Sedangkan untuk menghadapi guncangan ekonomi global yang ditimbulkan oleh tarif perdagangan tinggi Trump, pemerintah mengandalkan Anggaran Pendapatan dan Belanja Negara (APBN) sebagai bantalan. Salah satu caranya, adalah melalui keberlanjutan pemberian berbagai program subsidi, khususnya kepada masyarakat berpendapatan rendah (MBR).
“Instrumen APBN merupakan salah satu instrumen di dalam pengelolaan ekonomi dan terutama dari sisi makro yang banyak sekali diandalkan pada saat menghadapi shock ataupun guncangan-guncangan,” kata Menteri Keuangan (Menkeu), Sri Mulyani dalam Sarasehan Ekonomi.

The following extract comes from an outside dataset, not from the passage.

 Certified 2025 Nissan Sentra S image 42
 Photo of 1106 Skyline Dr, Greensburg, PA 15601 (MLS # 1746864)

Pada saat yang sama, pemerintah juga akan berusaha mengurangi 14 persen beban tarif impor yang dirasakan pengusaha. Upaya tersebut dilakukan dengan mengurangi 2 persen beban pengusaha yang berasal dari reformasi administrasi perpajakan dan bea cukai, memangkas tarif pajak penghasilan (PPh) impor dari 2,5 persen menjadi 0,5 persen, menyesuaikan tarif bea masuk produk impor yang semula di kisaran 5-10 persen menjadi 0-5 persen, dan menurunkan tarif bea keluar minyak sawit mentah (crude palm oil/CPO).
“Kami akan terus melakukan reform, terutama di bidang pajak, bea cukai, dan prosedur supaya ini betul-betul mengurangi beban. Sesuai dengan penekanan Bapak Presiden (Prabowo Subianto) ini adalah waktu yang tepat untuk deregulasi dan reform yang lebih ambisius," pungkas Menkeu.